La Mutirão Decision, il testo politico finale della COP30, scialbo e piatto, non cita esplicitamente i combustibili fossili e non accoglie l’appello del presidente Lula e di oltre ottanta paesi per una roadmap su fossili e deforestazione. Si limita a ribadire la traiettoria tracciata a Dubai su questo tema, quella del transitioning away, la transizione da carbone, petrolio e gas, da fare in qualche modo, entro il 2050. Per sostenere questa transizione la COP rimanda a una nuova serie di processi per accelerare la transizione energetica, come il Global Implementation Accelerator e la Belém Mission to 1.5, che si spera possano diventare strumenti concreti per permettere ai paesi di collaborare, ciascuno con i propri percorsi, per avanzare nella definizione del “come” uscire dai combustibili fossili.
Qualcuno prova a reagire, soprattutto i paesi dell’America Latina: invece che attendere la prossima COP la Colombia si è offerta di tenere, in collaborazione con i Paesi Bassi, la prima conferenza internazionale Just Transition Away from Fossil Fuels (dal 28 al 29 aprile 2026 a Santa Marta, sulla costa settentrionale della Colombia), con l’obiettivo di creare strategie condivise tra gli oltre ottanta firmatari della roadmap per l’abbandono dei combustibili fossili.

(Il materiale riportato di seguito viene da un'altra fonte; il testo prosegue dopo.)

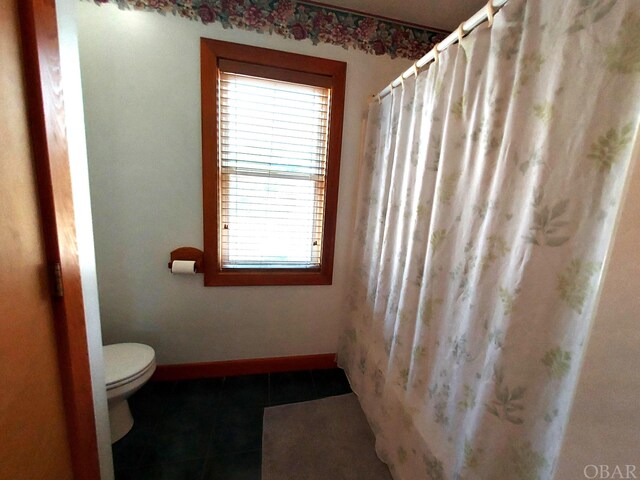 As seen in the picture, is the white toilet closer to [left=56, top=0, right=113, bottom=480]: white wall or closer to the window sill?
[left=56, top=0, right=113, bottom=480]: white wall

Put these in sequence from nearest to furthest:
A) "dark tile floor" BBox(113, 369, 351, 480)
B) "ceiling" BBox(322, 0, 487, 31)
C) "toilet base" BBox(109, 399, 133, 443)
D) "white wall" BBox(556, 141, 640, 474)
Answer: "white wall" BBox(556, 141, 640, 474) → "dark tile floor" BBox(113, 369, 351, 480) → "toilet base" BBox(109, 399, 133, 443) → "ceiling" BBox(322, 0, 487, 31)

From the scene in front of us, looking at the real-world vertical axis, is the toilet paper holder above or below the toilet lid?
above

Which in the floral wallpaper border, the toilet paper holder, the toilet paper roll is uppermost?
the floral wallpaper border

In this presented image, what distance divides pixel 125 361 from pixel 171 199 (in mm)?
936

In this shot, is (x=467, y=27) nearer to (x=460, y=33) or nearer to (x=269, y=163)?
(x=460, y=33)

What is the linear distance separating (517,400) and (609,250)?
0.43 metres

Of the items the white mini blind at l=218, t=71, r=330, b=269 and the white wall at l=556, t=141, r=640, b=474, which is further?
the white mini blind at l=218, t=71, r=330, b=269

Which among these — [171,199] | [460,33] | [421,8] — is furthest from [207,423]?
[421,8]

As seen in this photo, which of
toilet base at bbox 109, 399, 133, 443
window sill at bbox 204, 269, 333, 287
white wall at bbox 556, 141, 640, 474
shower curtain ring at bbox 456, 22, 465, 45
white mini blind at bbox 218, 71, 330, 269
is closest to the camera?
white wall at bbox 556, 141, 640, 474

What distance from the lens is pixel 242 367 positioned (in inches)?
73.4

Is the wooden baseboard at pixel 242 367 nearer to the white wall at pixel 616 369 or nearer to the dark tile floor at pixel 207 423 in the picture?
A: the dark tile floor at pixel 207 423

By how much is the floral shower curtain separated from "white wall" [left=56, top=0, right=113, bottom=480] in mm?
1149

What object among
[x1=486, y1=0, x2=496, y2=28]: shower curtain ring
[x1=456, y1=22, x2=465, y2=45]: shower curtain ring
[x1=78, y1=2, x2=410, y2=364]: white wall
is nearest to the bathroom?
[x1=78, y1=2, x2=410, y2=364]: white wall

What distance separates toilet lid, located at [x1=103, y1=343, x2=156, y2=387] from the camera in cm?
127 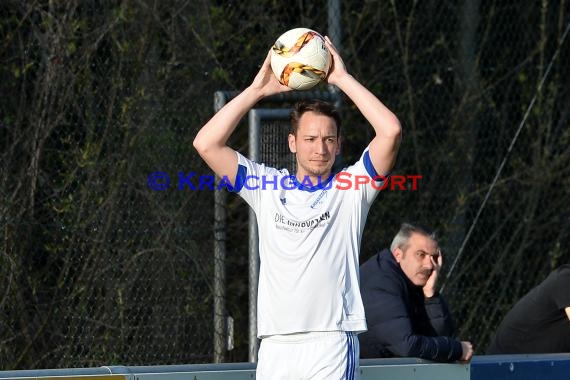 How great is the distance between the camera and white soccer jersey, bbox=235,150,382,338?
4113 millimetres

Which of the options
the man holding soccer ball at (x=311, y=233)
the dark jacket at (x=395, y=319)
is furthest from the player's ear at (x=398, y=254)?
the man holding soccer ball at (x=311, y=233)

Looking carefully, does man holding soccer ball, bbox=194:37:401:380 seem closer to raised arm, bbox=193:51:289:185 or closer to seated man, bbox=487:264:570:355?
raised arm, bbox=193:51:289:185

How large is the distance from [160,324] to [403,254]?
1738 mm

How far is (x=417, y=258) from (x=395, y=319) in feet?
1.79

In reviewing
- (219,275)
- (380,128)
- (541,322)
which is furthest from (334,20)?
(380,128)

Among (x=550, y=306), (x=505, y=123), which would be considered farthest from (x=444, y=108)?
(x=550, y=306)

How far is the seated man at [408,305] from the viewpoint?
18.6ft

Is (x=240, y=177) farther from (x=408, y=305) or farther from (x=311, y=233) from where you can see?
(x=408, y=305)

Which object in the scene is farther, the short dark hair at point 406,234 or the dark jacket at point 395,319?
the short dark hair at point 406,234

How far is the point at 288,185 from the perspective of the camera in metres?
4.35

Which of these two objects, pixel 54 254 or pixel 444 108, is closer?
pixel 54 254

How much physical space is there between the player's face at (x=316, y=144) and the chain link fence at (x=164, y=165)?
110 inches

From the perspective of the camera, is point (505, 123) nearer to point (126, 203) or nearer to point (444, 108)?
point (444, 108)

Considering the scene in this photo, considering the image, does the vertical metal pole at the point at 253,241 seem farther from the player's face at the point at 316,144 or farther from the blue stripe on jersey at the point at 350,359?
the blue stripe on jersey at the point at 350,359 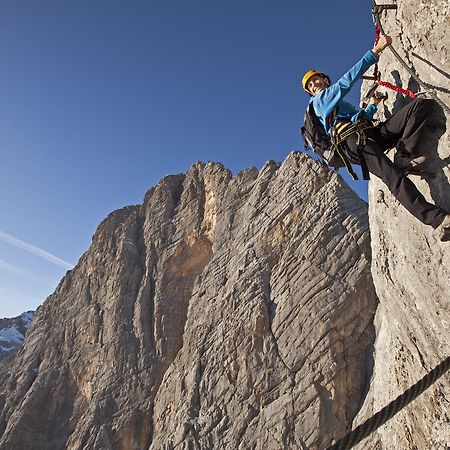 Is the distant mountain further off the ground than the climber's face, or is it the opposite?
the distant mountain

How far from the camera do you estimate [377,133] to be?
5414 millimetres

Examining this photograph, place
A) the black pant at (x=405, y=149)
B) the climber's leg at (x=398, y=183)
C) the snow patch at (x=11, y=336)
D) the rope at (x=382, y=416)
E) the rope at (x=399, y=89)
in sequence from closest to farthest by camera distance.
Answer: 1. the rope at (x=382, y=416)
2. the climber's leg at (x=398, y=183)
3. the black pant at (x=405, y=149)
4. the rope at (x=399, y=89)
5. the snow patch at (x=11, y=336)

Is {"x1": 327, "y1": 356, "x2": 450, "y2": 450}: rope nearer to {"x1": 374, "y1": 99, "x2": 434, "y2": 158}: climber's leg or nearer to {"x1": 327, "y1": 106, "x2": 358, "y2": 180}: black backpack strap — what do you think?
{"x1": 374, "y1": 99, "x2": 434, "y2": 158}: climber's leg

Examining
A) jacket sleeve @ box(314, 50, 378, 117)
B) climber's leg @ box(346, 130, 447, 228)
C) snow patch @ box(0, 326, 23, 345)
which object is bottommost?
climber's leg @ box(346, 130, 447, 228)

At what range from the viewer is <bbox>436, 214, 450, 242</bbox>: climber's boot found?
13.5 feet

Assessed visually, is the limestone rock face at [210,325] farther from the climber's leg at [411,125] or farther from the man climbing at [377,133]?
the climber's leg at [411,125]

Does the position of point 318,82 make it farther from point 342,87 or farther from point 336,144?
point 336,144

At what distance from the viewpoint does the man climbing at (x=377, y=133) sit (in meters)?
4.54

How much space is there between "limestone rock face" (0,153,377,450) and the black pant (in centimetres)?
2395

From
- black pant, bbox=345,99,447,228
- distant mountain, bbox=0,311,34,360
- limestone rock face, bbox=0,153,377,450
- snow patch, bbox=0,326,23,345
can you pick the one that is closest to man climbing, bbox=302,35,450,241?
black pant, bbox=345,99,447,228

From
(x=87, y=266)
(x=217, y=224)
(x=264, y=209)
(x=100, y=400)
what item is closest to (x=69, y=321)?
(x=87, y=266)

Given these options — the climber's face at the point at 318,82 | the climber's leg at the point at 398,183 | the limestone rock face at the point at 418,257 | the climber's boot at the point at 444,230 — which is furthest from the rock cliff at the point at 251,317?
the climber's face at the point at 318,82

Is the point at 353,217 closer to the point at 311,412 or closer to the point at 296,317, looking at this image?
the point at 296,317

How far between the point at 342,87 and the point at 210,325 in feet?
107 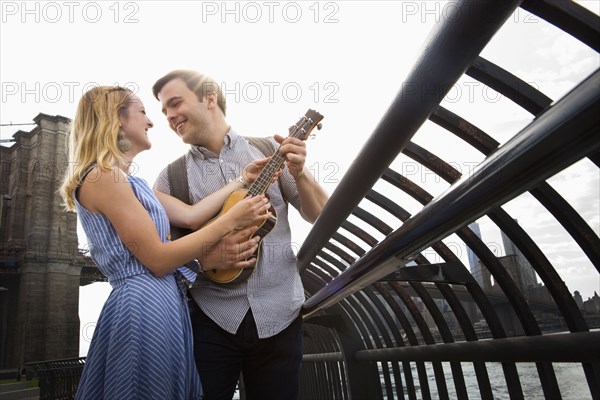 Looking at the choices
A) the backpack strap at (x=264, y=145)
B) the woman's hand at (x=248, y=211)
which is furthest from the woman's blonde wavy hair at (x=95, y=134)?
the backpack strap at (x=264, y=145)

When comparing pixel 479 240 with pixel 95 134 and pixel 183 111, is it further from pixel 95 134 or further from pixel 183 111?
pixel 95 134

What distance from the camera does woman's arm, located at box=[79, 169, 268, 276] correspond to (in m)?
1.50

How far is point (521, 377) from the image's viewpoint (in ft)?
4.95

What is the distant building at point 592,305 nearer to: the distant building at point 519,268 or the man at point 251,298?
the distant building at point 519,268

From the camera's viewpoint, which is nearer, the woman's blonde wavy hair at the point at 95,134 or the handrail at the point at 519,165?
the handrail at the point at 519,165

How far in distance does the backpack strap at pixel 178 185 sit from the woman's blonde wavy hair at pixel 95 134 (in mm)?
320

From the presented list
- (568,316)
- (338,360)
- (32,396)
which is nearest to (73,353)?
(32,396)

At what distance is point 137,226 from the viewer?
4.91ft

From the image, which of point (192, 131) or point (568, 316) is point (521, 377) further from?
point (192, 131)

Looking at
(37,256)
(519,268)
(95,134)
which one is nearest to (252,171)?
(95,134)

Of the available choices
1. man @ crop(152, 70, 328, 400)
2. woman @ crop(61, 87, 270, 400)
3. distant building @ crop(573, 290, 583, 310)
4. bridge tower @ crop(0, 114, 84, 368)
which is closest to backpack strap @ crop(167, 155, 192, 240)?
man @ crop(152, 70, 328, 400)

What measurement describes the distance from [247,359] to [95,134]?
1.03 m

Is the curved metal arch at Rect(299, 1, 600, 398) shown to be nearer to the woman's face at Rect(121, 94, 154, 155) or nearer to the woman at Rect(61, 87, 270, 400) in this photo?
the woman at Rect(61, 87, 270, 400)

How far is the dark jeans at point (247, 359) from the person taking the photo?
1.73 m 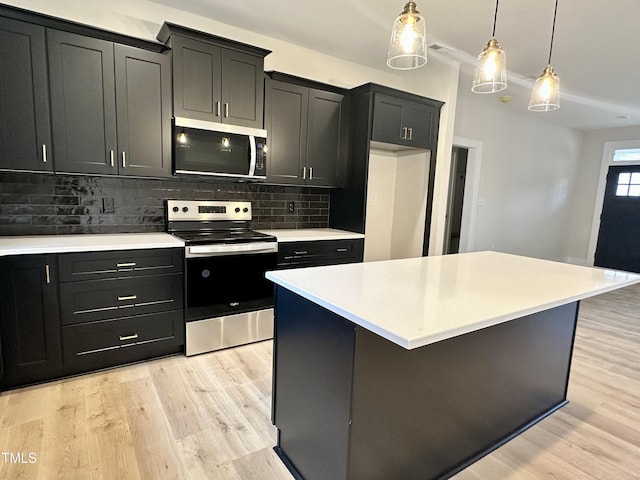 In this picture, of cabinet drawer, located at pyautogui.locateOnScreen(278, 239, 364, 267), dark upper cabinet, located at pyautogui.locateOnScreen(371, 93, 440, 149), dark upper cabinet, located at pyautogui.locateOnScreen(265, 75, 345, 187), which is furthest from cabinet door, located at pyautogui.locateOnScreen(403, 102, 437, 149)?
cabinet drawer, located at pyautogui.locateOnScreen(278, 239, 364, 267)

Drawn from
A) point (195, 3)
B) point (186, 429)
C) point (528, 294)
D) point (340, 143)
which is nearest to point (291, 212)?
point (340, 143)

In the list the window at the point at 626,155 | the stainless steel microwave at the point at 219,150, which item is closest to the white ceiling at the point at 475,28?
the stainless steel microwave at the point at 219,150

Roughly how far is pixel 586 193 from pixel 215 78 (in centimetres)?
737

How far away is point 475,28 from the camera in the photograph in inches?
115

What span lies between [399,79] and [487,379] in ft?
11.9

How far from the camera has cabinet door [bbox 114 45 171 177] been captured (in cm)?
247

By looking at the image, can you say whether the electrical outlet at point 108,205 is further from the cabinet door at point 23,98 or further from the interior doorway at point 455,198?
the interior doorway at point 455,198

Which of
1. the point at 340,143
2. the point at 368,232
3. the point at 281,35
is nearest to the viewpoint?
the point at 281,35

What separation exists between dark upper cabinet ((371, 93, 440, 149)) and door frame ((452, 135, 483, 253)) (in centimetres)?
176

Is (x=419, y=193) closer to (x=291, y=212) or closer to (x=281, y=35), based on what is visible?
(x=291, y=212)

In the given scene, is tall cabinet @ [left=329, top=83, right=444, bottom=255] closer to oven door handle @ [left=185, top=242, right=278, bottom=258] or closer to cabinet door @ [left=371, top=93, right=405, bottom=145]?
cabinet door @ [left=371, top=93, right=405, bottom=145]

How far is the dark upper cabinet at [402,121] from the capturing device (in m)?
3.39

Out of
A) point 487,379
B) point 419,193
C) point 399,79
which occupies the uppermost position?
point 399,79

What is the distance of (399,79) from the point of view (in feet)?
14.0
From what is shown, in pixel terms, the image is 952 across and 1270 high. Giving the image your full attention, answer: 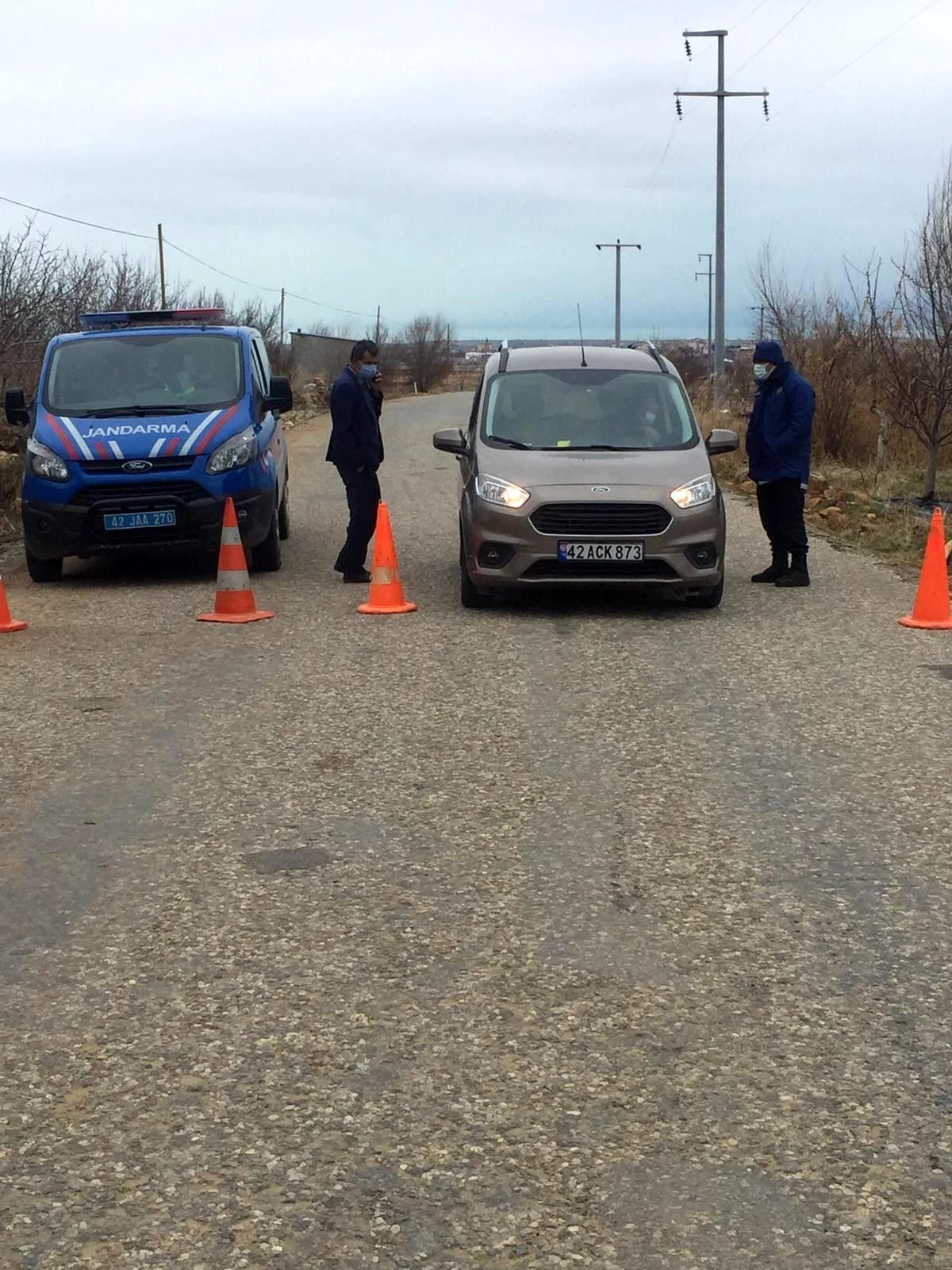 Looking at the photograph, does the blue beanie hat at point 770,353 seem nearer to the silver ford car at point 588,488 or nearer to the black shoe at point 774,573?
the silver ford car at point 588,488

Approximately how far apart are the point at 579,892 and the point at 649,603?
648 cm

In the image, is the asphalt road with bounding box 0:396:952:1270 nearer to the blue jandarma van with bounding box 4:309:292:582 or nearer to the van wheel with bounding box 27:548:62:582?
the blue jandarma van with bounding box 4:309:292:582

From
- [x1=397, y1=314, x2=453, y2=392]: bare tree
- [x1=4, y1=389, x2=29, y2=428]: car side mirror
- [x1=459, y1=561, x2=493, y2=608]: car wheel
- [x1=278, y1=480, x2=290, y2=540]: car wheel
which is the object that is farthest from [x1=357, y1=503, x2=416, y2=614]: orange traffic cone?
[x1=397, y1=314, x2=453, y2=392]: bare tree

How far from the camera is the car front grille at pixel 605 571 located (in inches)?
415

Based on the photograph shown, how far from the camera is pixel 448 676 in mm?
8914

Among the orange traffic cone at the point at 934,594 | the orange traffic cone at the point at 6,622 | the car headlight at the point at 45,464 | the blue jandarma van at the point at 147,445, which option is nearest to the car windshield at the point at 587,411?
the orange traffic cone at the point at 934,594

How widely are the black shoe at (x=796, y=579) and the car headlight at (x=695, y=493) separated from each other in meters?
1.68

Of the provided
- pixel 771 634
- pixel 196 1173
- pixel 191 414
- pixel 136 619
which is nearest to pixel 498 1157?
pixel 196 1173

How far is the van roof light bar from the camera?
14.6 metres

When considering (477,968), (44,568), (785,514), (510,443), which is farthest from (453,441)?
(477,968)

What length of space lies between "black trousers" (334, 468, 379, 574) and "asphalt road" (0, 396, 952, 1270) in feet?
10.7

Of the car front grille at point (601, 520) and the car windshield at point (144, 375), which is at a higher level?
the car windshield at point (144, 375)

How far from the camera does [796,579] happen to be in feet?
40.2

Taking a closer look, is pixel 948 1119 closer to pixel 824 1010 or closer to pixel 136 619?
pixel 824 1010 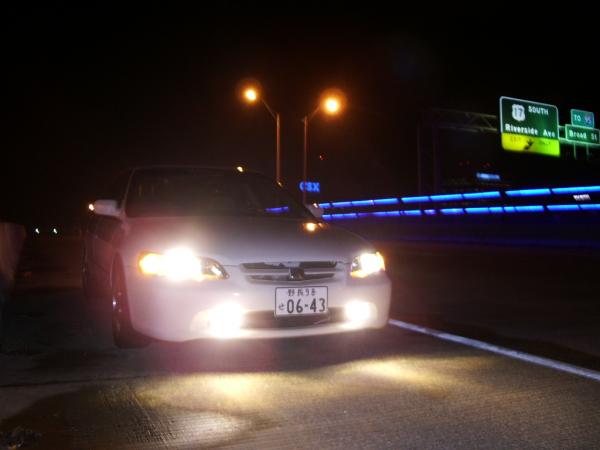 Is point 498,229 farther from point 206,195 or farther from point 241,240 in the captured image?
point 241,240

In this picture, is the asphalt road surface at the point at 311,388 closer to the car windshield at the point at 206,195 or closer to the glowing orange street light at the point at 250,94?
the car windshield at the point at 206,195

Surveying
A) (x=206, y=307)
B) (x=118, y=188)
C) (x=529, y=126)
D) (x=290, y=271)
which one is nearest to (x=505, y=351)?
(x=290, y=271)

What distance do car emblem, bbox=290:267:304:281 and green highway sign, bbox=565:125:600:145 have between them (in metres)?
30.5

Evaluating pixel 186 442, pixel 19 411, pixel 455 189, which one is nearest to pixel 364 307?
pixel 186 442

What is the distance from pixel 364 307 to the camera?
4980 mm

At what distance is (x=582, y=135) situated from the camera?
107ft

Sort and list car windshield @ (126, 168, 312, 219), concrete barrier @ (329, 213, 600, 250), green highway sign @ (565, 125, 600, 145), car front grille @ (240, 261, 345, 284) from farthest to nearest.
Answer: green highway sign @ (565, 125, 600, 145), concrete barrier @ (329, 213, 600, 250), car windshield @ (126, 168, 312, 219), car front grille @ (240, 261, 345, 284)

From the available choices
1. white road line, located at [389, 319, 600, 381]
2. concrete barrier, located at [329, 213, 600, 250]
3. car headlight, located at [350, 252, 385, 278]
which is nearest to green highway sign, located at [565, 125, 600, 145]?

Ma sono tutte iniziative da creare: una roadmap sulle fossili, approvata a COP30, avrebbe potuto definire un piano per tutti i 196 paesi con date e obiettivi, un vero segnale per i mercati finanziari e le industrie dell’oil&gas.
A dieci anni dall’Accordo di Parigi
È un triste decimo compleanno per l’Accordo di Parigi. Invece di celebrazioni è una corsa a salvare il salvabile, lasciando perplessi negoziatori, società civile e giornalisti e scatenando accese proteste nella plenaria finale. "Il risultato appena sufficiente ottenuto nelle ultime ore della COP30 mantiene in vita l'Accordo di Parigi, ma mette in luce il fallimento clamoroso dei paesi sviluppati nel rispettare gli impegni assunti nell'ambito di tale accordo", ha commentato via e-mail Rachel Cleetus, dell'Unione degli scienziati preoccupati. Una colpa che non ricade questa volta solo su USA ed Europa: a bloccare il processo sono stati gli irremovibili paesi del Golfo, la Russia, e persino la Cina, che non ha saputo prendersi una leadership globale sulla transizione in Brasile.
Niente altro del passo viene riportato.